Google Form Parser, a review and how-to

Warning

ML products evolve quickly and this review is likely out of date. It was our best understanding of this product as of June 2021.

Note

To avoid bias, Crosstab Data Science does not accept compensation from vendors for product reviews.

What do driver’s licenses, passports, receipts, invoices, pay stubs, and vaccination records have in common?

They are all types of forms, and they contain some of society’s most valuable information. The process of converting these documents into computationally usable data is called form extraction. Google’s form extraction solution is Form Parser, launched last year to compete with Amazon Textract and Microsoft Form Recognizer.

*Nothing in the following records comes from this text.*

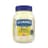 real_mayonaise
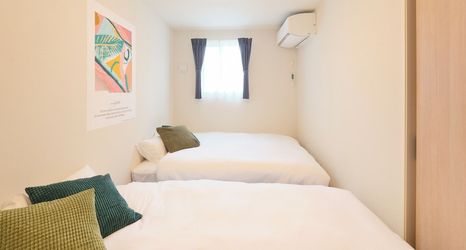 Others 2 Victoria Shimokitazawa by Tranova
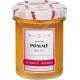 ALBERT MENES Gelée Pomme 280g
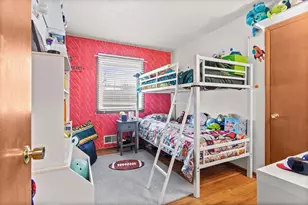 11041 Holly St NW, Coon Rapids, MN 55448 - Photo 17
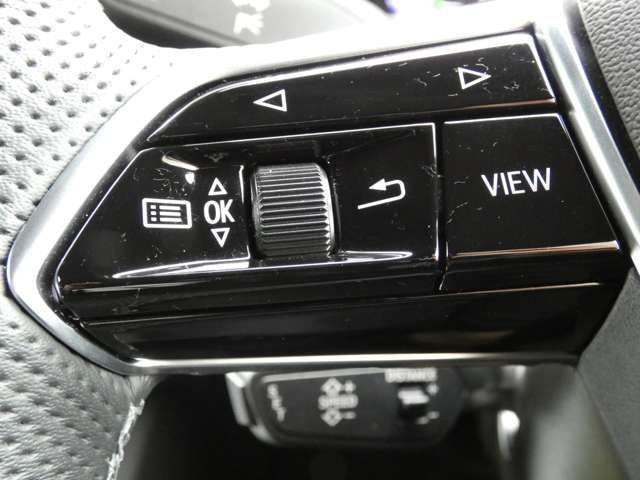 AUDI E-TRON SPORTBAC 2023 Image 31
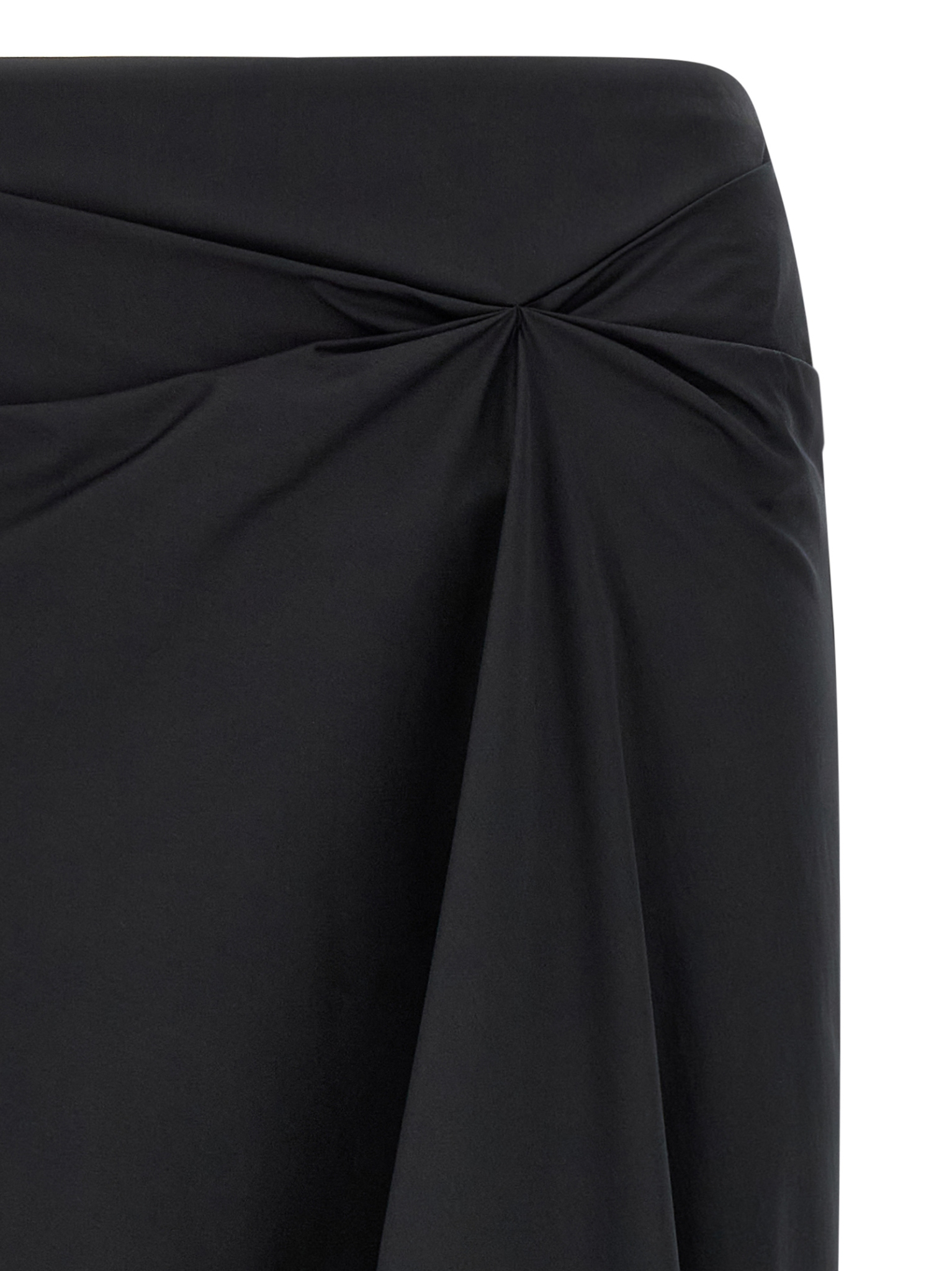 [Max Mara] Long skirt SS26 2611101012600002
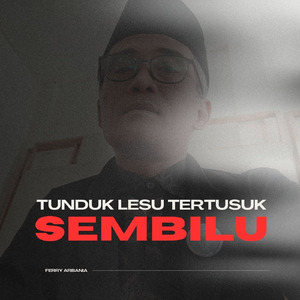 Tunduk Lesu Tertusuk Sembilu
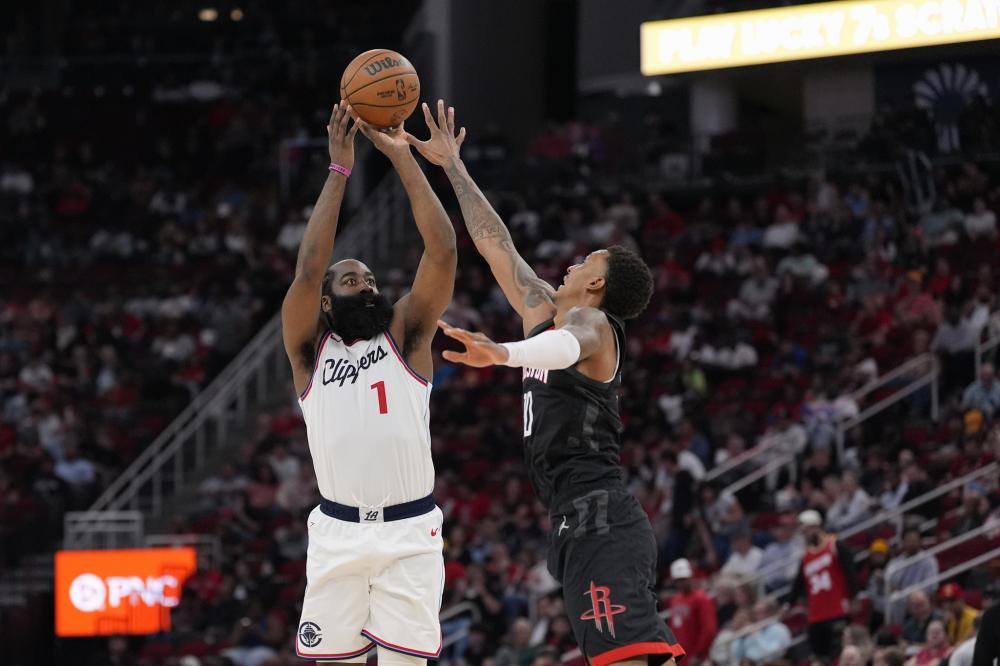 经过两个赛 经过两个赛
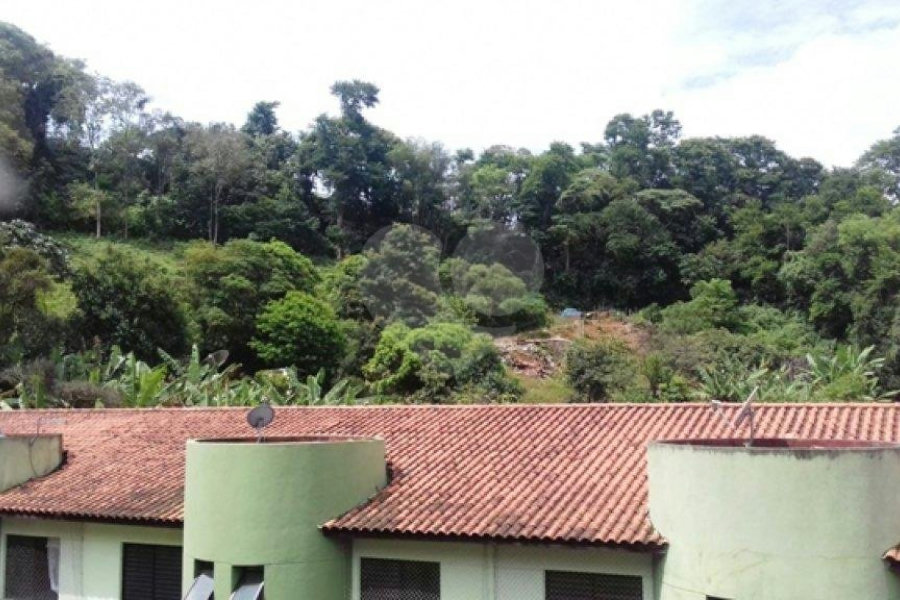 Sobrado à venda com 3 quartos, sendo 1 suíte, em Tremembé, São Paulo, SP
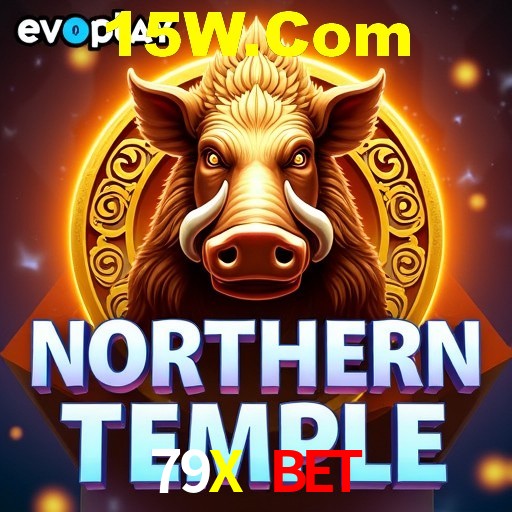 Desvendando o Mundo dos Jogos Virtuais na 79X Bet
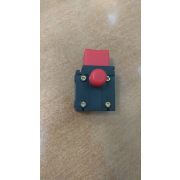 Выключатель (2) STR150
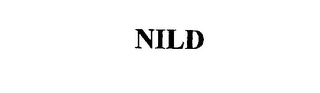 NILD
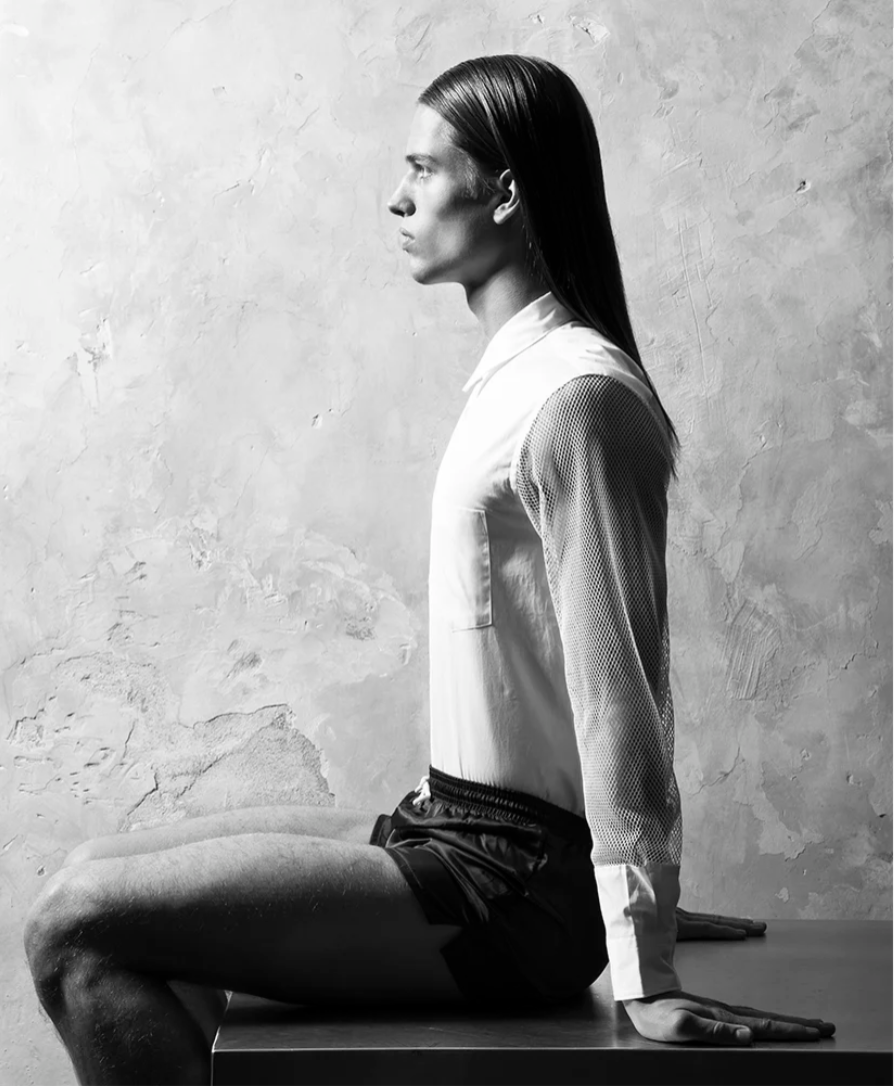 Screenshot 2026-03-30 at 7.58.29 PM.png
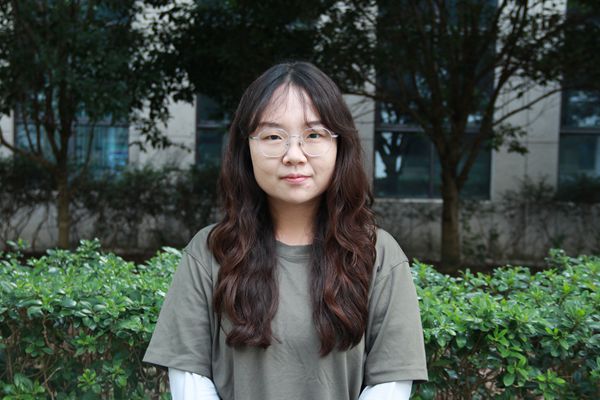 戴文_副本.jpg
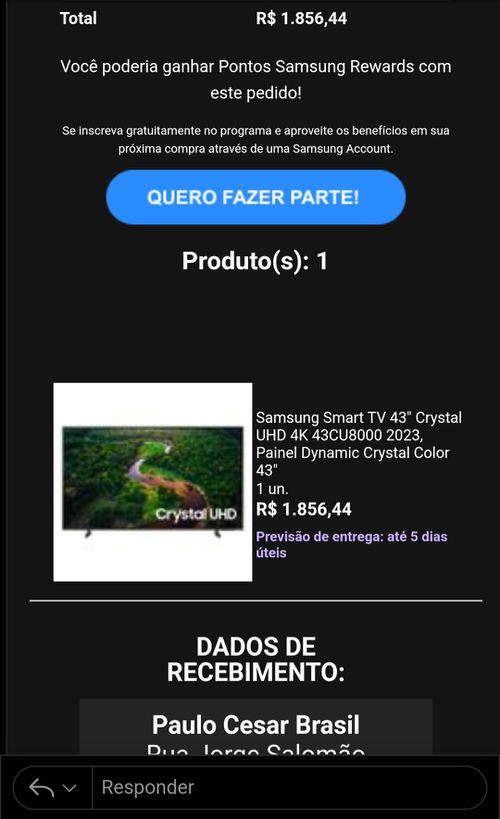 Imagem do comentário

Form Parser, Textract, and Form Recognizer are general-purpose form extraction tools in that they attempt to find relevant data in any type of input document, not just common items like receipts or invoices. The Google and Amazon offerings are also fully off-the-shelf in that they don’t require any input data for model training or fine-tuning.

I was curious how Form Parser stacked up against the competition, so I tested the three services on real documents and evaluated each service’s ease of use, accuracy, and speed. Despite its youth, Form Parser was the best, with an average synchronous response time of 3.3 seconds and 70% recall. Whether this performance is good enough depends on your application, but the whole space clearly has a lot of room for improvement.

Google Form Parser Highlights

Surprise & Delight	Friction & Frustration
Fast response time for synchronous calls.	The output is not native Python, can’t be serialized with native Python tools, and is hard to explore from a Python REPL.
The most accurate of the services I tested.	Extracted text blocks only contain references to the actual text. You have to write a utility function to retrieve the actual text.

What is form extraction?

Suppose we want to use the information in our customers’ pay stubs, maybe to help them qualify for loans. A pay stub is a form; it is a stylized mapping of fields—let’s call them keys—to values. Take this example from the Gusto blog:

Our brains process this easily but the information is not accessible to a computer. We need the information in a data format more like this:

{
    "Pay period": "Jul 12, 2019 - Jul 25, 2019",
    "Pay Day": "Aug 2, 2019",
    "Company": "Lockman-Klein",
    "Employee": "Belle Tremblay",
    "Gross Earnings": "$1,480.00"
}

It’s helpful to step back and contrast this with two other information extraction tasks: optical character recognition (OCR) and template-filling. OCR tools extract raw text from images of documents; it is well-established technology but only the first step in capturing the meaning of a form.

Broadly speaking, there are three types of products that extract data from form documents. Image by author.

Template-filling, on the other hand, is the holy grail; it seeks to not only extract information but slot it correctly into a predetermined schema. So far, template filling is only possible for some common and standardized types of forms like invoices, receipts, tax documents, and ID cards.¹

Key-value mapping is in the middle. It’s easier than template-filling, but still hard. The Gusto demo shows why:

Some values have no keys. Others have two keys because they’re in tables, where the row and column labels together define the field, even though they’re far apart on the page.
The association between key and value depends on a subjective reading of page layout, punctuation, and style. Some keys and values are arranged vertically, others horizontally. Some keys are delineated by colons, others bold font.
Manually specifying field locations and formats is a non-starter because form layouts and styles vary across processors and across time. It’s not just pay stubs; US driver’s licenses, as another example, vary across states and time. Medical record formats differ between providers, facilities, and database systems.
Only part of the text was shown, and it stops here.